Ушедший мир — таким, каким он был до того, как все случилось, — помнили в Бункере. А адапты жили сегодняшним днем. И о некоторых вещах рассуждали порой самым неожиданным образом.
Место, где пароход причалил и высадил пассажиров, Пермью называлось условно. Как и в прочих нефтедобывающих районах, в день, когда все случилось, здесь горел даже воздух. Здания, машины, деревья — все живое и мертвое выгорело на много километров вокруг.

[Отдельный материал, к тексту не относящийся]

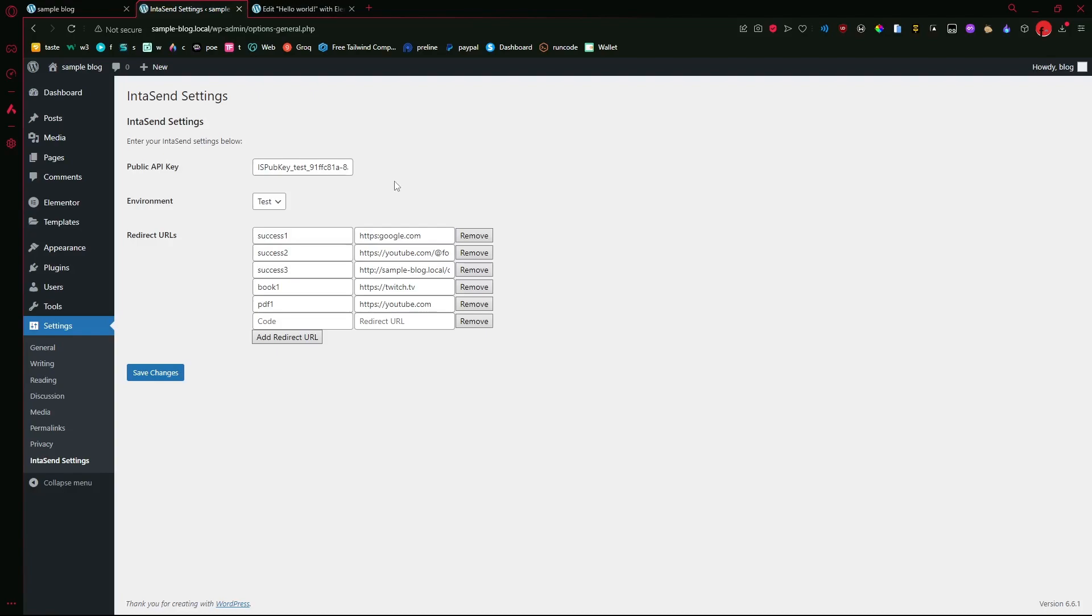You can have as many as you need because each button should redirect to the specific page. Or let's say the e-book you're selling, the video file, whichever digital asset you would like the user to be able to have access to. Once they have paid, then this will be it.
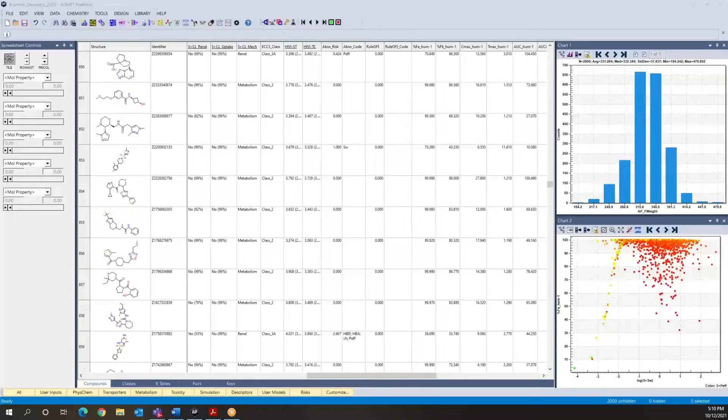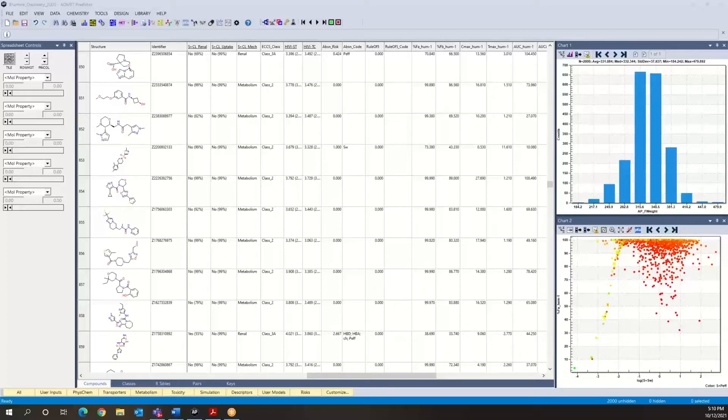Okay, so let's illustrate how we can explore parameter sensitivity analysis within the program. This provides insight as to what may be limiting fraction absorbed for a particular compound.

Уцелел Екатеринбург, не пострадавший ни от пожаров, ни от наводнения. Под руководством бодрого мужчины по имени Александр Викторович поселок жил и процветал. Занимались в нем не только сельским хозяйством — сумели восстановить плавильные печи и заново проложить железнодорожную ветку, ведущую когда-то в Пермь. Сейчас, не доходя до оставшегося от города пепелища, пути сворачивали к речному причалу.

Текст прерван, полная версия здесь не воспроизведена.